Mere hype, given the high costs of Net
connections and Web page start-ups in the developing world? Gore
doesn't think so. If enough countries capitalize on this
opportunity, he said, "by the year 2010 we can triple the
number of people who can support their families."
Can we? Will we? The challenge is formidable…
The
Electronic Economy Will Force Change within Nation States.
The
modern nation state remains the most prevalent unit of governance
in the developed and the developing world. The concept has, in the
last 50 years, been extended rather than retracted. There are now
more than 200 hugely different nation states, with different legal
and regulatory systems, existing in the world. In this context, we
define a nation state as a coherent territory circumscribed by
defined borders over which the single national government has
legitimate jurisdiction. During its 200-year history, the nation
state has endured many changes. However, the advent of the
electronic economy is confronting the nation state, with
intimations of a future in which its relevance to its citizens and
enterprises will be challenged.
The apparatus of economic regulation and
taxation through which nation states operate was developed to
support and facilitate an industrial economy. That economy
produces tangible goods and location-bound services that are sold
and distributed within and between fixed borders. In that familiar
world of national and international trade, nation states have a
variety of tools at their disposal to achieve their economic ends:
They can levy tariffs on imports, raise taxes, protect consumers'
rights, punish economic criminals, set commercial standards, and
provide guarantees of monetary payment. Until recently, these
tools were supported by governments' majority control over
communications networks and information dissemination.

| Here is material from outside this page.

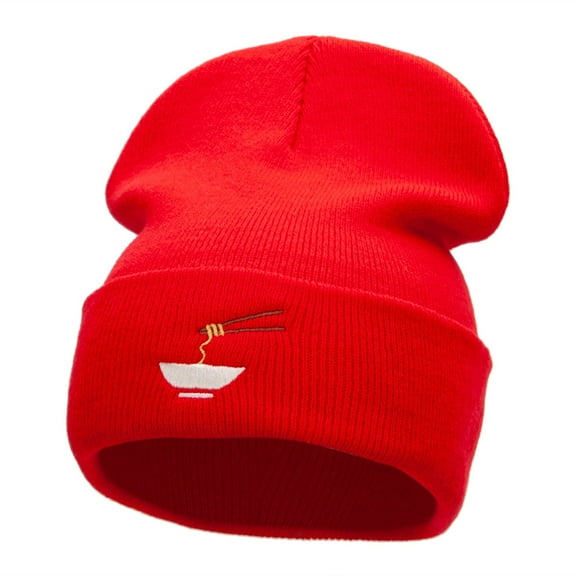 Noodle Bowl Embroidered 12 Inch Long Knitted Beanie - Red OSFM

Because of the emergence of global
communications networks, the nation state is gradually losing
monopoly control of information and financial flows. Private
individuals and enterprises and groups now have the ability to
source, package, and transmit information in compressed time and
space. Through "digitization," currency, services, and
even some goods can be conveyed immediately, transacted invisibly
across the globe. Interactive networks are creating a new,
network-linked world without borders, in which many commercial
transactions are beyond the reach of national jurisdictions, laws,
and taxation systems. As a result, many of the economic
instruments and processes of the nation state need to be
reexamined in the light of these new challenges.
Is the nation state powerless before this new
global economic system? As electronic commerce grows, there is
some risk that those nation states that have not fully embraced
the changes could become marginal to the creation of economic
value and irrelevant to their citizens and enterprises. Is the
nation state threatened by the electronic economy? Could the
changes erode the individual's sense of national belonging,
undermine tax bases, bypass national laws and undermine the rights
of citizens?
Scenarios
In
answer to these questions, there is a "dark side"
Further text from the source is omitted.